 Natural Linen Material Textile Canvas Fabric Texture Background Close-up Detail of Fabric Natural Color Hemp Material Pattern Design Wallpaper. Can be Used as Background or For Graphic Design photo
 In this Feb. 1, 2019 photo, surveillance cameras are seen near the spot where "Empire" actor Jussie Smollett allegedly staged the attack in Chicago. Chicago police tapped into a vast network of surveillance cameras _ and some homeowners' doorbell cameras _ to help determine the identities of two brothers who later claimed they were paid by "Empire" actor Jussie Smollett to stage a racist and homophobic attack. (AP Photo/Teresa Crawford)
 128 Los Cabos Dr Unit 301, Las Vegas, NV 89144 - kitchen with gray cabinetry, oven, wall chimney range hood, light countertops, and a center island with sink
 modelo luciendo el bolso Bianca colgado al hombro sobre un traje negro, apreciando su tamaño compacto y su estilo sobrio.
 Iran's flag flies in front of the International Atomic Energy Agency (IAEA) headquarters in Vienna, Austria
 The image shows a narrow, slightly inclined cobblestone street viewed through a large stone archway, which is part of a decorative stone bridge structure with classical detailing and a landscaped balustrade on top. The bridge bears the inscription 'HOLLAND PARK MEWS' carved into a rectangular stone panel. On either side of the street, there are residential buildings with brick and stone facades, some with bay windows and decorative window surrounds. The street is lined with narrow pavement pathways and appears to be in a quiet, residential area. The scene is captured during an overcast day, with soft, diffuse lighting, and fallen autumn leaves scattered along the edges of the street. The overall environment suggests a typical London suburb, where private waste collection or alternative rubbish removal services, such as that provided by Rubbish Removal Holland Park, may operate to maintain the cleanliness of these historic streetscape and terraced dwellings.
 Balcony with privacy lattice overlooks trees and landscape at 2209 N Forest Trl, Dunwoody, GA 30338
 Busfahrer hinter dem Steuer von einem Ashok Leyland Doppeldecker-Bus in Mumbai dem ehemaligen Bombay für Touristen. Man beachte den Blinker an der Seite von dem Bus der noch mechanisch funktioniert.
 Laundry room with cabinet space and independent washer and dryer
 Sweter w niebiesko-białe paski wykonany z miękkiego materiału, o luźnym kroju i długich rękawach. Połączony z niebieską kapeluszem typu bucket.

# # # #

[Task to complete] Produce a word-for-word copy of everything above from the line holding "The image shows" down to the line holding "Busfahrer hinter dem", with both of those lines kept.

[Reply]
 The image shows a narrow, slightly inclined cobblestone street viewed through a large stone archway, which is part of a decorative stone bridge structure with classical detailing and a landscaped balustrade on top. The bridge bears the inscription 'HOLLAND PARK MEWS' carved into a rectangular stone panel. On either side of the street, there are residential buildings with brick and stone facades, some with bay windows and decorative window surrounds. The street is lined with narrow pavement pathways and appears to be in a quiet, residential area. The scene is captured during an overcast day, with soft, diffuse lighting, and fallen autumn leaves scattered along the edges of the street. The overall environment suggests a typical London suburb, where private waste collection or alternative rubbish removal services, such as that provided by Rubbish Removal Holland Park, may operate to maintain the cleanliness of these historic streetscape and terraced dwellings.
 Balcony with privacy lattice overlooks trees and landscape at 2209 N Forest Trl, Dunwoody, GA 30338
 Busfahrer hinter dem Steuer von einem Ashok Leyland Doppeldecker-Bus in Mumbai dem ehemaligen Bombay für Touristen. Man beachte den Blinker an der Seite von dem Bus der noch mechanisch funktioniert.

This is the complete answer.